Andrew Carnegie - Everest
Everest Leo
Mr. Roddy
IHSS
11 April 2022
Andrew Carnegie and Giants of the Gilded Age
Just like Elon Musk, Jeff Bezos, and Bill Gates are household billionaire names today, there were similar people in the Gilded age who amasses insane amounts of wealth and become very famous for it. One of these businessmen is Andrew Carnegie, a steel magnate, and well-known philanthropist. Like many of the other multi-multi-millionaires of the time, Carnegie started from relatively modest beginnings, but not poverty. However, unlike the other giants, he was born outside of the US and moved to the US for financial opportunities like most other immigrants. Carnegie invested in many booming industries such as coal and oil and made some money that way before pouring a lot of time into the steel industry and making a huge profit that way. Something that caught my eye, however, was the Homestead Strike that happened while Andrew Carnegie was vacationing in Scotland, his home country. It was a strike by union workers, and they were protesting wage cuts made by the general manager at the steel mill. It became a huge fiasco with a few hundred armed guards getting involved and leaving a dozen or so dead. I find it odd that Carnegie supported his general's decision to cut wages as Carnegie was often seen as the champion of a working man, going from rags to riches, and one would think that he would understand how a low-class working man felt, but perhaps that much money gets to people's heads.
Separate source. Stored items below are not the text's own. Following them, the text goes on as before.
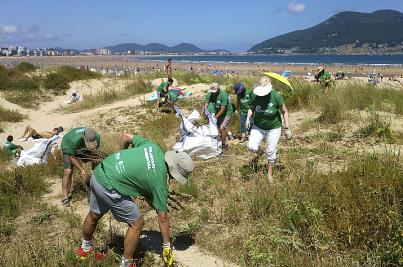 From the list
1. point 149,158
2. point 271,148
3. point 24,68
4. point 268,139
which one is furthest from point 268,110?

Carnegie, along with Rockefeller and other ultra-wealthy businessmen of the time were also very prominent philanthropists. Granted, not all were, but some of the richest people in the world at the time donated ample amounts of money to existing organizations and charities as well as in order to build new organizations or help different causes. The issue that many see with generous philanthropy from large figures, however, is that sometimes, that money is not made in a "fair" or "just" way. For example, John D. Rockefeller and his businesses were and are often accused of "crushing out competition, getting rich on rebates from railroads, bribing men to spy on competing companies, of making secret agreements, of coercing rivals to join the Standard Oil Company under threat of being forced out of business, building up enormous fortunes on the ruins of other men, and so on." It really comes down to whether or not one cares about "dirty money", because if someone doesn't care, then this idea of amassing great amounts of money by any means and then giving it away is fantastic. However, someone who does care would find those sorts of donations dishonest and perhaps think it a way to uphold reputation.